ガルバリウム鋼板とトタンの価格差もなくなってきていることもその原因の一つです。トタン屋根は、軽量であることから、葺き替えるだけで建物の耐震性を向上させることができます。
トタン屋根を選ぶ理由とは?メリットなど
トタン屋根は、低価格を武器に戦後に流行した金属屋根です。瓦屋根よりも重量が軽く、10分の1の重さです。軽量になるため、トタン屋根を使うと耐震性が向上します。垂木と板金により簡単に施工設置できることから、住宅密集地などでも短期間で施工可能です。
トタン屋根は、2寸勾配などの「緩勾配」で施工可能です。勾配が緩いので、屋根の上に登ることが簡単です。工事価格が安いことやバルコニー設置などの追加・オプション施工を実施しても工事が容易で価格もそれほど上がりません。他の屋根材からトタンに葺き替えるケースは減ってきていますが、施工価格は1平米あたり5~6千円程度ですので、価格も手頃です。
トタン屋根はメンテナンスや防水塗装がポイント
トタン屋根のデメリットは、耐用年数が10~15年と短いことです。金属屋根で錆びやすいことから、最も雨漏りが発生しやすい屋根だと言われています。トタン屋根を耐用年数を超えて使用したいということであれば、7~8年ごとに錆び止めと再塗装などの計画的なメンテナンスが必ず必要です。塗料も防水性が高いグレードの高い塗料を選んだほうが、防水効果が長持ちします。そのため、屋根設置後、葺き替え後のメンテナンスコストが高くつきます。
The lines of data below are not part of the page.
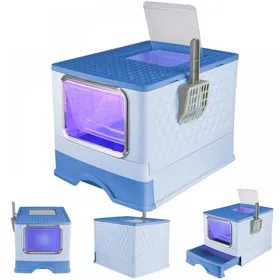 Meilleurs prix pour KEDIA Litiere Chat AutonettoyanteDésinfection UV Bac Litiere pour Chat avec PelleAnti-Odeur (52x39x39)cm bleu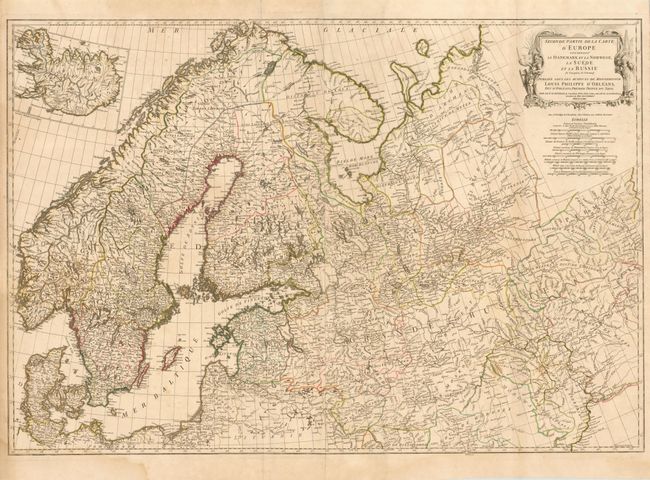 Seconde Partie de la Carte d'Europe contenant le Danemark et la Norwege, la Suede, et la Russie (a l'exception de l'Ukraine)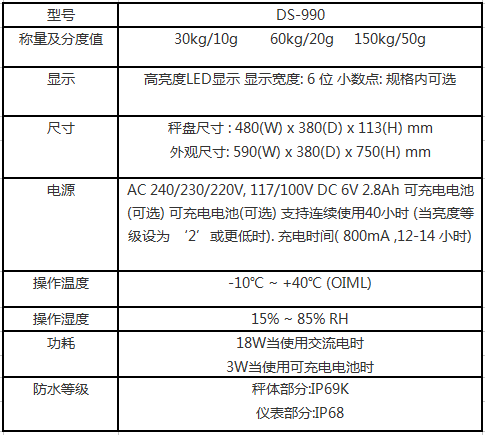 寺岡防水電子秤DS-990參數(shù)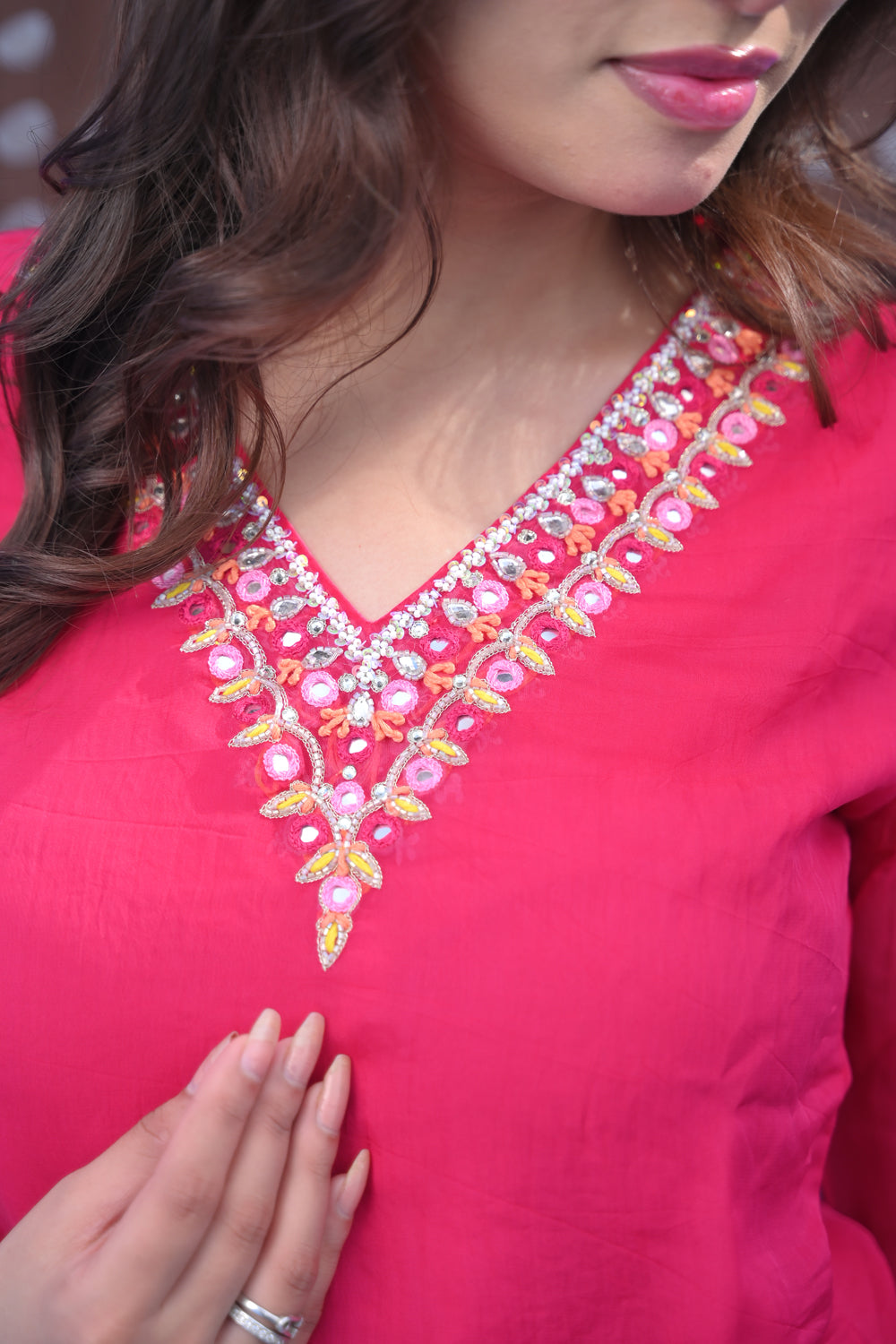 Alia Organza Rani Kurta Set in Rani pink with White Muslin Dhoti Pants | Made To Order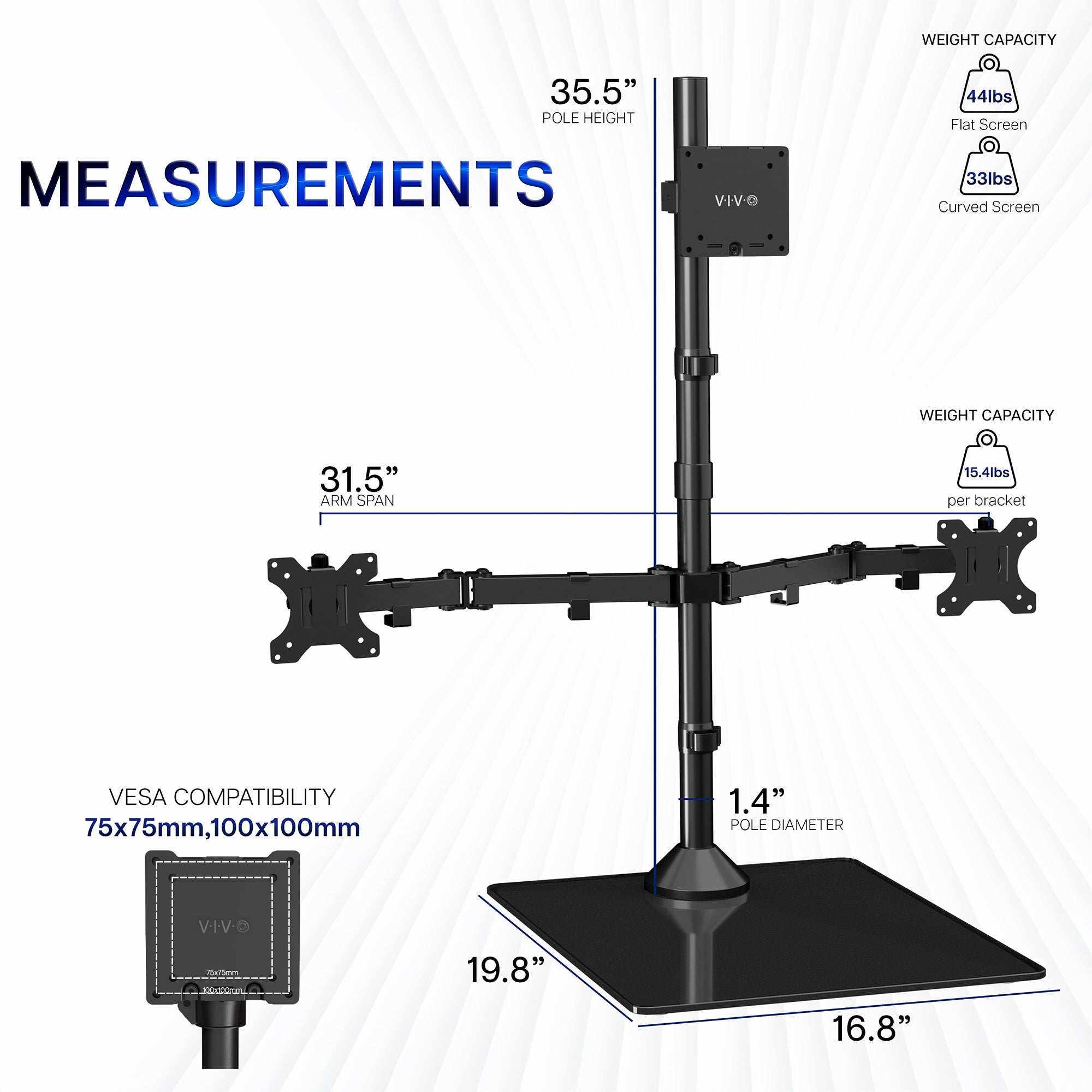 Triple Monitor Desk Stand (1 Ultrawide + 2 Standard) - Up to 49" Screens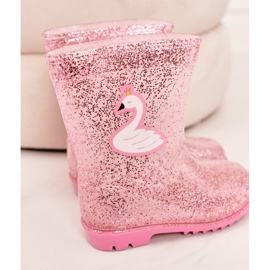 Children's brocade galoshes with a pink swan silver 1 Children's brocade galoshes with a pink swan silver 1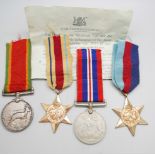 Four WWII medals including Africa Service Medal to C166467 S. Botha and leaflet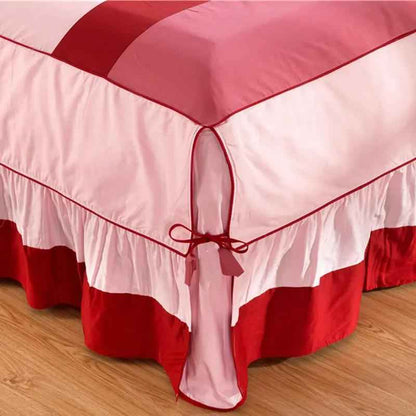 Solid Color Cotton Bed Skirt Set of Four - Premium Quality Cotton Bedding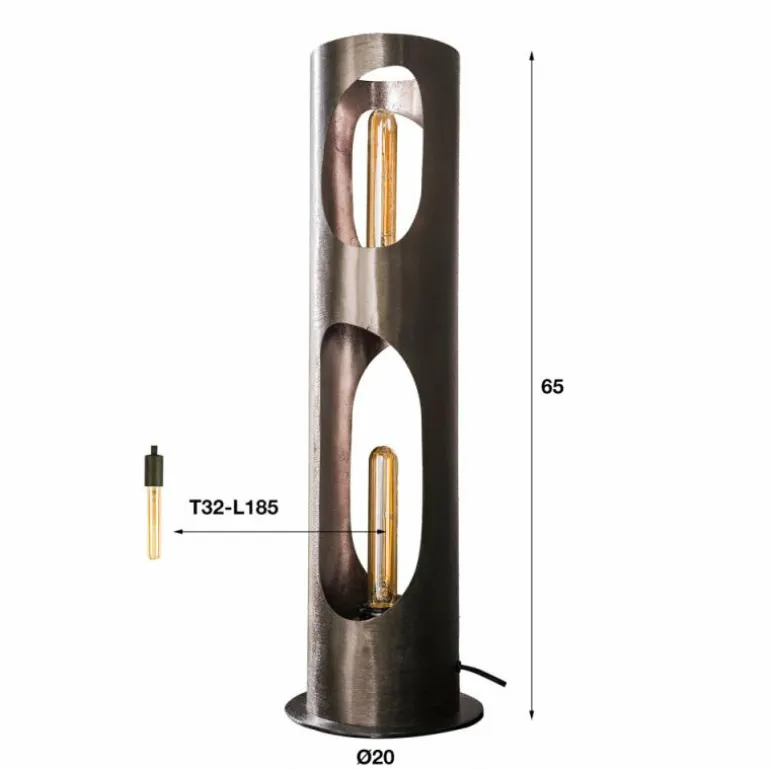 Pocinho Lampadaire, Lampe à poser Noir, 2 lumières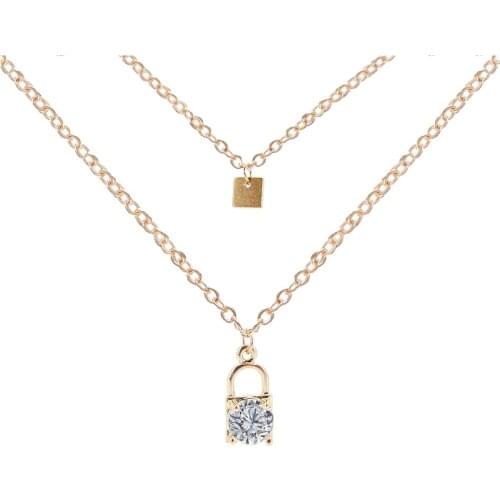 2020 New Modyle Double Layer Lock Chain Punk Link Chain Gold Color Padlock Pendant Necklace Women Fashion Gothic Jewelry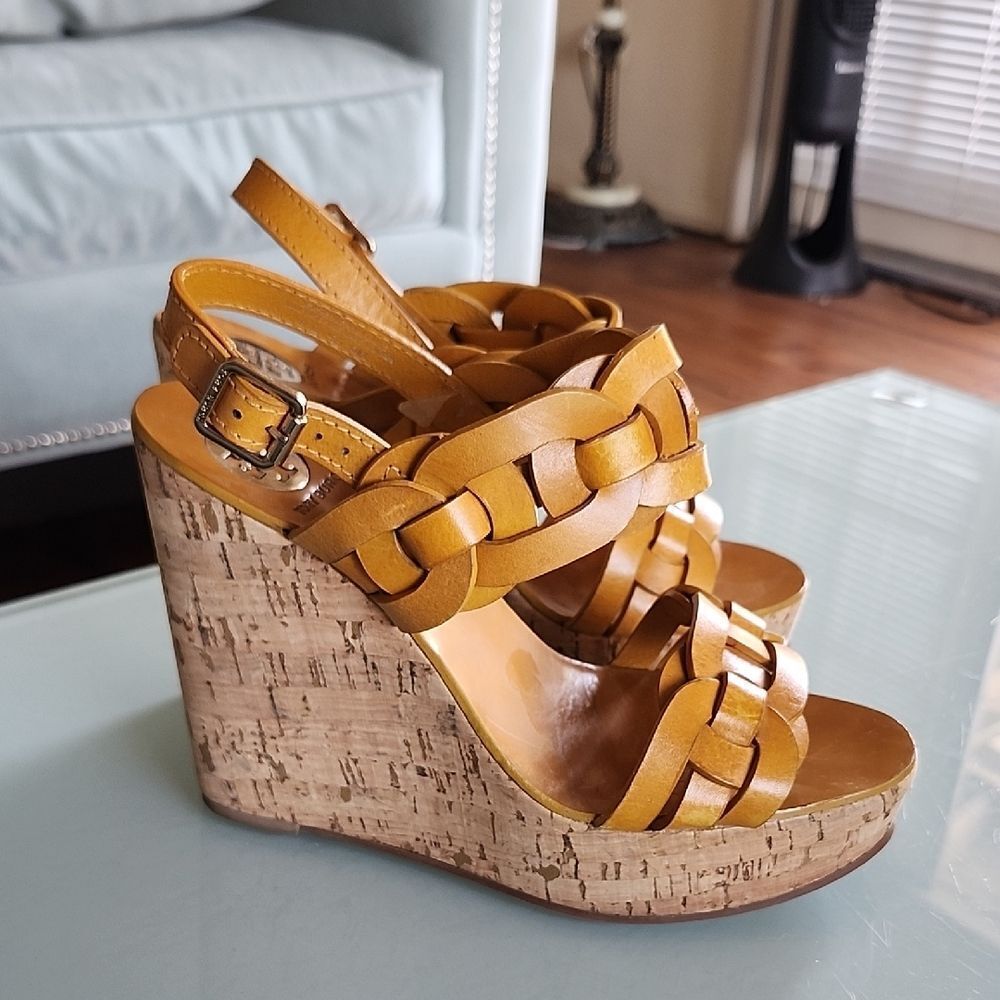 Tory Burch Calyca Leather And Cork Boho Chic Retro 70's Disco Vibe Heels‎ Size 9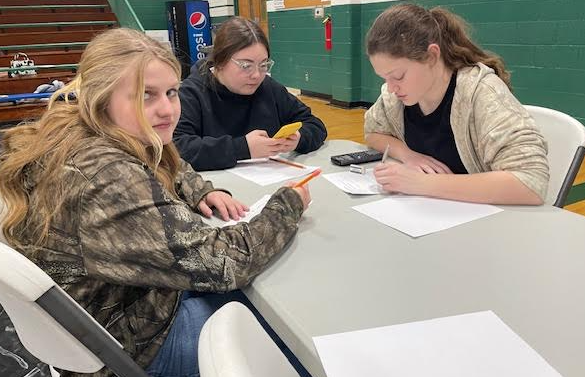 7th graders working on the 7th grade math team test
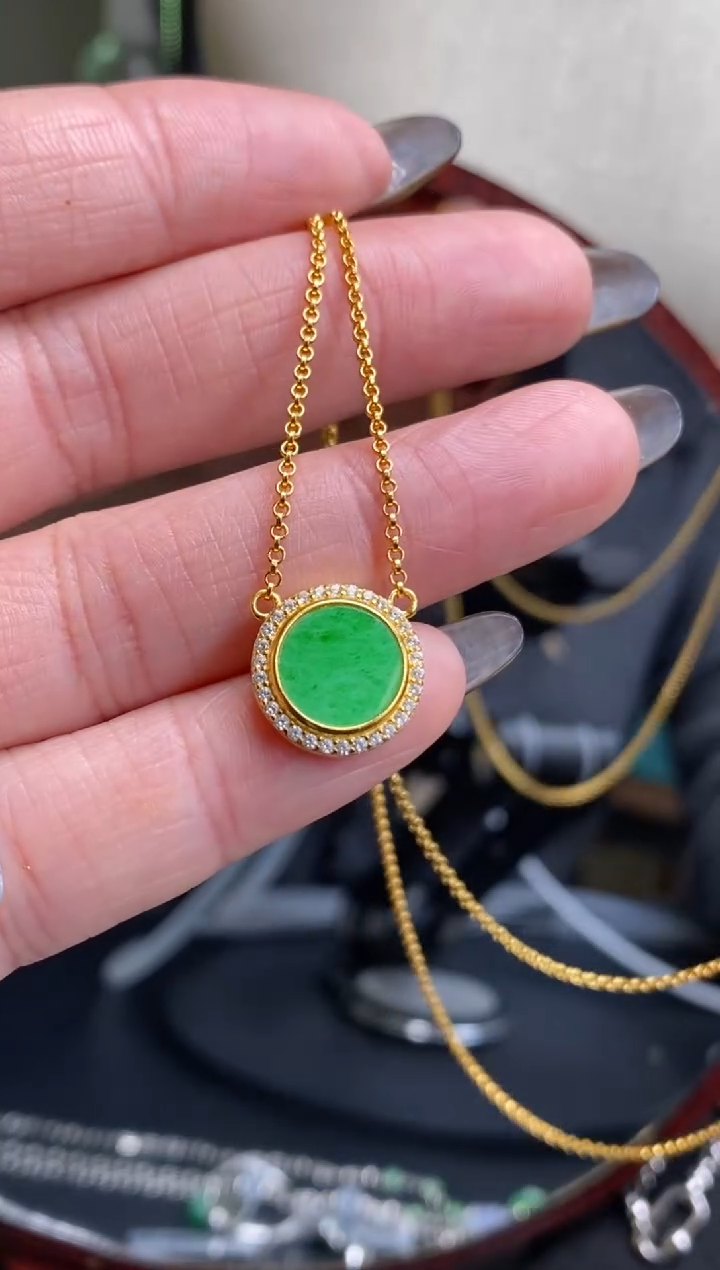 颈饰银S925镶嵌翡翠18145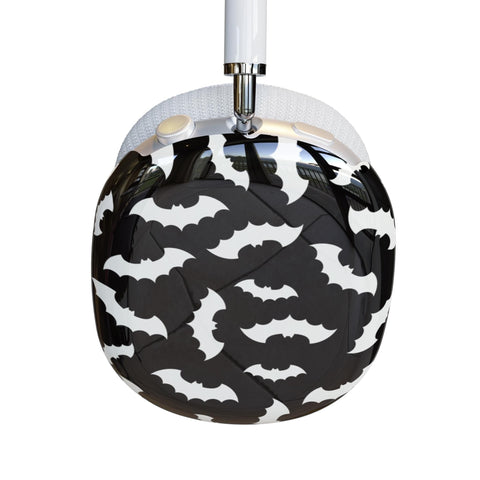 Black White Bats AirPods Max Case | Snap On Air Pods Max Cover | Protective Case For New AirPods Max Headphones With Witchy Halloween Design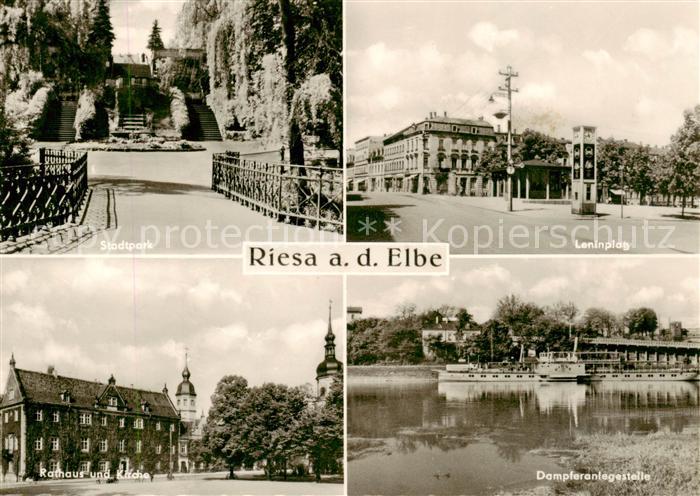 Riesa Sachsen Stadtpark Leninplatz Rathaus und Kirche Dampferanlegestelle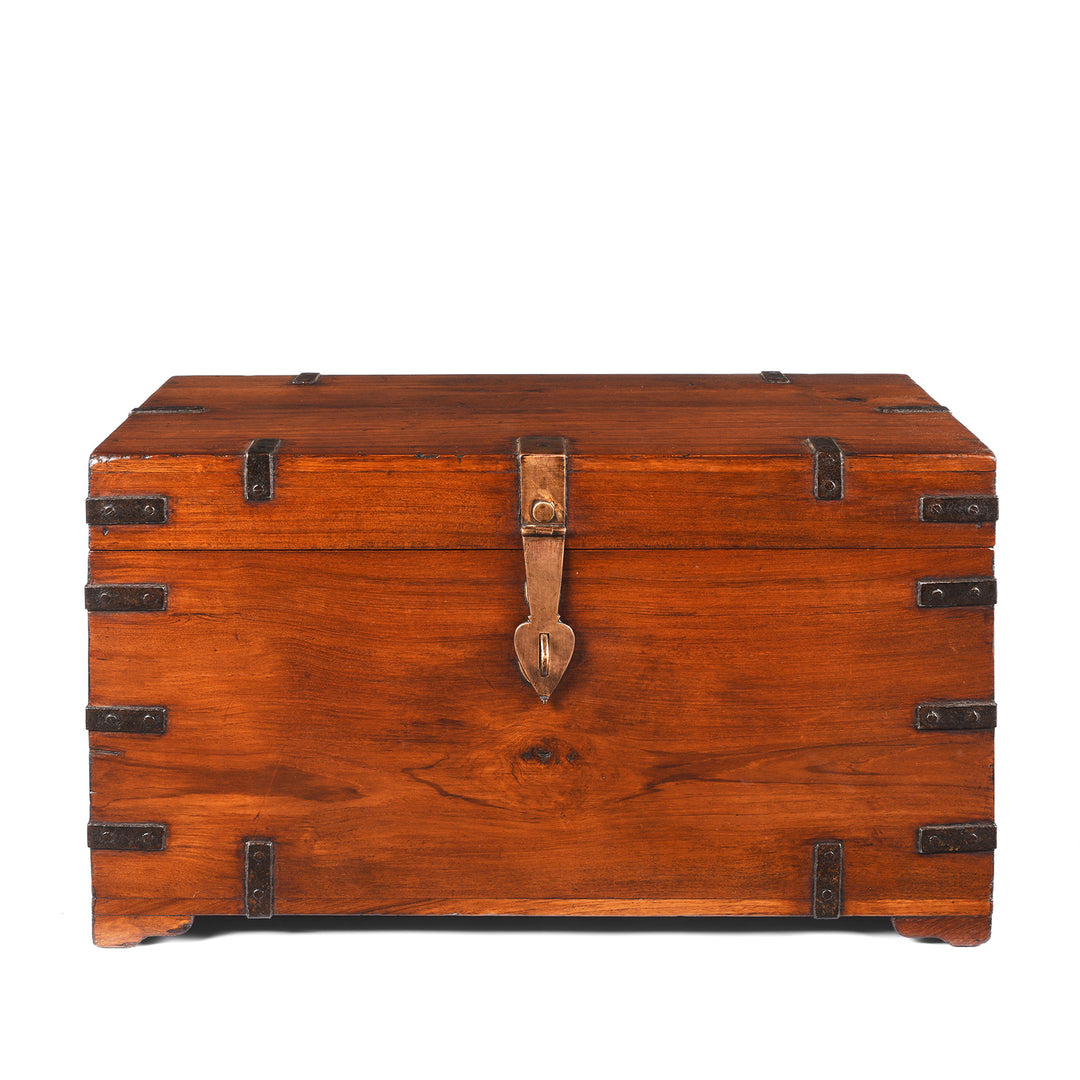 Antique Iron Bound Teak Military Chest From Rajasthan| Indigo Antiques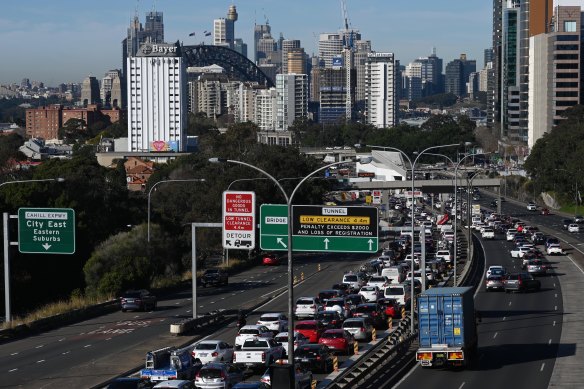 Gridlock on the approach to the Sydney Harbour Bridge after this morning's fatal crash. 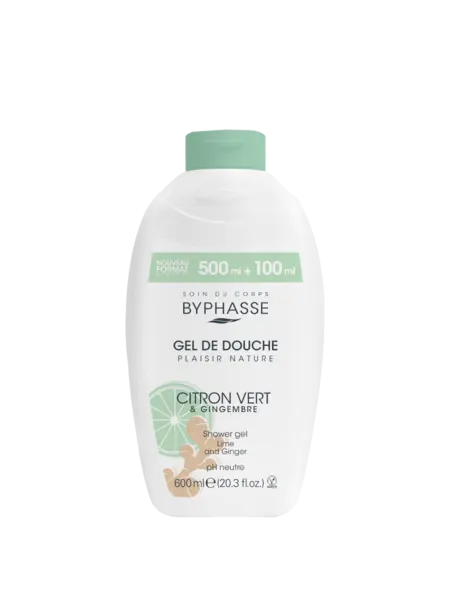 Gel de dus cu lime si ghimbir Plaisir Nature, 600ml, Byphasse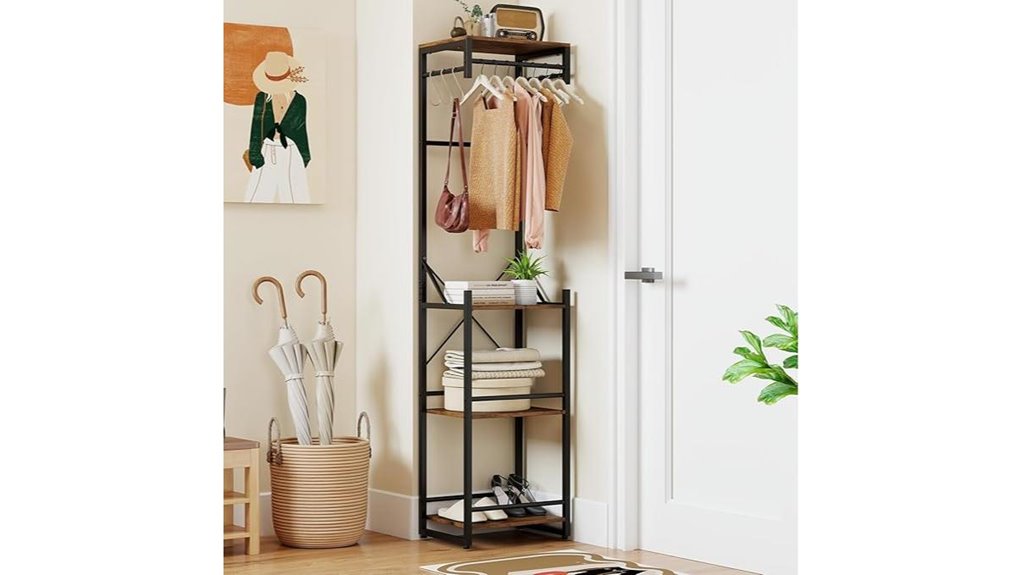 industrial narrow coat rack with shelves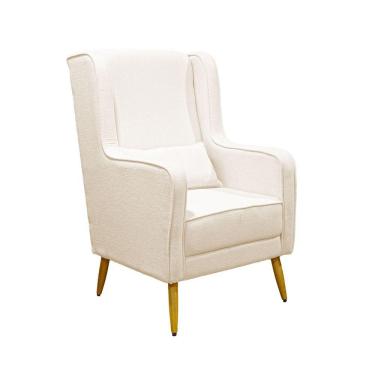 Imagem de Poltrona De Amamentação Pé Palito Eduarda Com Puff Linho Cinza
さらに金属屋根であることから、遮音性がよくないので、強い雨や雹などが降ってくると音がよく響いてしまいます。断熱性もないので、外気温が室内に伝わりやすく、業者は追加で断熱施工を行うよう薦められることが多くなります。断熱性や遮音性を向上させるために、断熱塗料を塗ったり、断熱ボード、アルミシート、遮音シートなどを用いることがあります。瓦棒の場合は、板金職人が現場で鋼板の加工を行う必要があり、職人の技術や経験がトタン屋根の品質に大きな影響を与えます。